Estabilidade para proteger
Além da falta de clareza no texto, a PEC é vista como uma ameaça para a independência do serviço público. O professor Giliad Souza explica que a estabilidade foi criada para garantir o exercício de serviços públicos que podem causar incômodo em empresas e até mesmo em governos.
“A estabilidade foi colocada para evitar a perseguição política de servidores públicos. Para o servidor do Ibama (Instituto Brasileiro do Meio Ambiente e dos Recursos Naturais Renováveis) fazer a fiscalização deles sem amarras e para professores pesquisarem o que quiserem, por exemplo”, afirma Giliad.

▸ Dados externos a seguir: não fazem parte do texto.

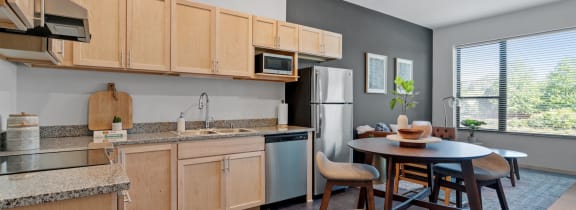 a kitchen and dining area in a 555 waverly unit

“Esse mecanismo protege pessoas de trocas políticas que somente causam a descontinuidade do serviço público”, complementa Cristina. “A estabilidade, então, garante a permanência da atividade, independente do gestor”, opina Rodolfo.
Com o fim da estabilidade, é possível que alguns cargos importantes percam a garantia de continuar a promover o trabalho proposto por ele. “O trabalho de um auditor ou fiscal da Receita (Federal), por exemplo, incomoda, pois ele descobre os desvios ou outros erros de uma empresa e traz prejuízo. Então, é preciso garantir que ele tenha um cargo estável”, exemplifica Rodolfo.
Mas o professor também afirma que a estabilidade não é necessária para todos os cargos. “Nos últimos tempos, generalizou-se a estabilidade para todos os cargos. Existe uma proteção além da carreira e isso não é necessário. Hoje, muitos cargos não têm mais tanta utilidade ou o desempenho é fraco e não é possível mudar essa situação”, comenta.